I don't think the dog hair will do too much if you got most of it out. I once accidentally spat in my bettas 5g and that didn't harm him either. But since it is just water why not replace it to play safe?


----------



## emc7 (Jul 23, 2005)

A little dog hair isn't deadly. Its mostly fiber and is mostly a hazard to wrapping around the filter's impeller. However, if the dog just had a flea bath or that spot of poison put on the back of its neck, I would dump the water and rinse the bucket a couple times before you use it.


----------



## arch aquatics (Feb 28, 2012)

we have show guppies sat up in 5 gallon buckets in the fish room for breeding!

lol i thought i was the only person that used Homer buckets for fish tanks 

A box filter works just dandy for a 5 gal or one of the nice stand up sponge filters Hydor or the like

its amazing how 30 feet of xmas garland, a box filter, and a couple trios of guppies can turn into 150 fry a month!


----------



## emc7 (Jul 23, 2005)

x-mas garland?

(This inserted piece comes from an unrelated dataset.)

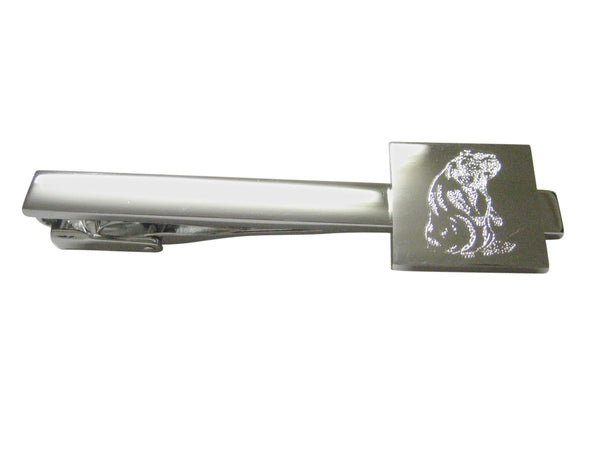 Silver Toned Etched Standing Beaver Square Tie Clip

Hmm, I do have some fake green garland.


----------



## arch aquatics (Feb 28, 2012)

dont need a light if theres no live plants in there but the fry still need a hide out!

Works like a charm been doing it since the 70's LOL


----------



## arch aquatics (Feb 28, 2012)

i get this stuff by the case from the dollar tree











It has a steel core so it rusts a bit but the fish dont seem to mind at all and i dont really care either

for a buck a shot i can replace it twice a year

Bonus is that i use the water for our aquaponic set up and the leached iron sure makes the maters grow good


----------